Triton Server Crashing Running Centerpoint Keypoint (hourglass_512x512_kpts) on Jetson via Dockerized Triton

The Triton server, running in a container, is crashing when running the Centernet Object & KeyPoints Model via grpc as a TF2 tensorflow_savedmodel on the Jetson TX2 and I’m looking for pointers as to how to proceed.

I’m new to Triton/Jetson but after some effort have got an environment that successfully runs Triton examples, namely inception_graphdef and densenet_onnx, via the example grpc_image_client.py and image_client.py python programs.

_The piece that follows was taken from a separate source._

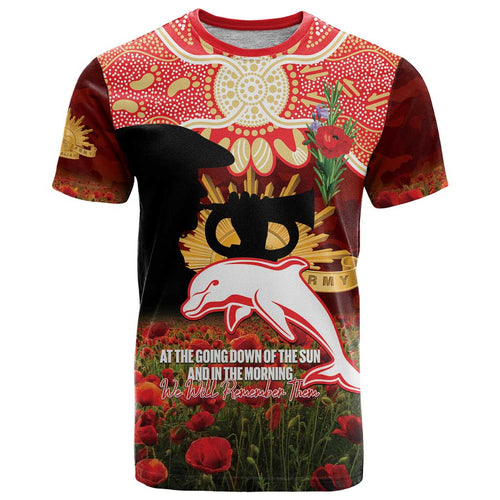 Personalised Dolphins Rugby ANZAC Day T Shirt Last Post Poppy We Will Remember Them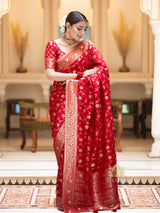 Desiring Red Soft Silk Saree With Engrossing Blouse Piece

I have deployed the TF 2.0 hourglass_512x512_kpts model using the default generated pbconfig.txt file (see below) with the addition of a max batch size of 0. The Triton server loads the model and indicates it is ready to serve.

I have made minor changes to the grpc_image_client.py program to adapt to the different dimensionality of the hourglass_512x512_kpts model and invoked it with verbose logging enabled. The request is received, including the desire to only return one of the outputs (I’m trying to build incrementally), but aborts terminating the container (see select Triton logs below).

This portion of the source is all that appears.